As you may know, Let $ {a_n} $ and $ {b_n} $ be convergent sequence with limit L, M respectively, then the following is true $ \lim_{n\to \infty} (a_n + b_n) = \lim_{n\to \infty} a_n +\lim_{n\to \infty} b_n = L+M$
In the following case
$$ \lim \frac{\sum_{k=1}^n k}{n^2} = \lim \frac{\frac{n(n+1)}{2}}{n^2} = \frac{1}{2}$$
is true but
$$ \lim \frac{\sum_{k=1}^n k}{n^2} = \lim \frac{1+2+3+\cdots+n}{n^2} = \lim \frac{1}{n^2} + \lim \frac{2}{n^2} + \cdots + \lim \frac{n}{n^2} = 0$$
I think this cannot be true because there are infinitely many terms.
However, let $ \alpha $ be a positive real number, then the following can be true
$$ \lim \frac{\sum_{k=1}^n k}{n^{2+\alpha}} = \lim \frac{1+2+3+\cdots+n}{n^{2+\alpha}} = \lim \frac{1}{n^{2+\alpha}} + \lim \frac{2}{n^{2+\alpha}} + \cdots + \lim \frac{n}{n^{2+\alpha}} = 0$$
Does this have something to do with uniform convergence?
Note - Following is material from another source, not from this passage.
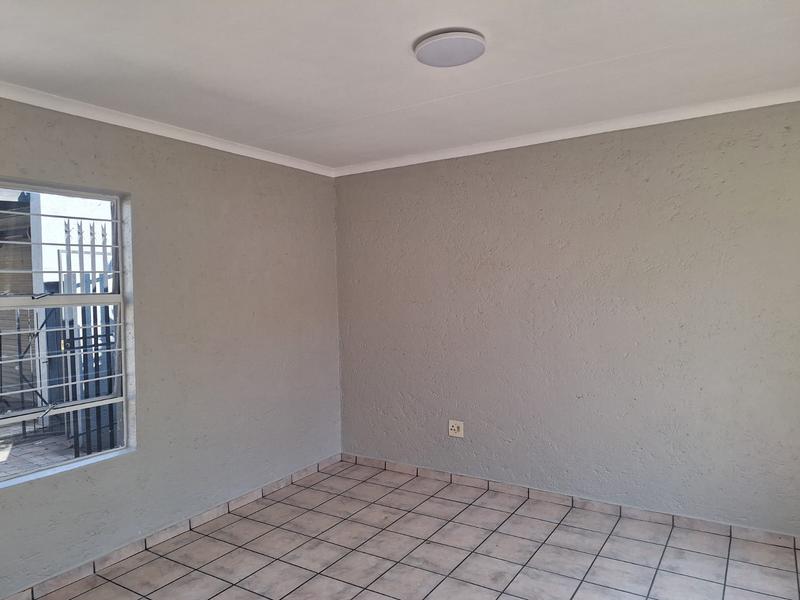 To Let 3 Bedroom Property for Rent in Dalpark Ext 1 Gauteng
When can I interchange the limit and sigma in limit operation of sequence?
$\lim_{n\to\infty}\frac1{n^2}(1+2+\cdots+n)\ne\lim\frac1{n^2}+\cdots+\lim\frac n{n^2}$ becuase the number of terms varies with $n$. You can only apply the sum of limits rule, if the number of terms stay fixed.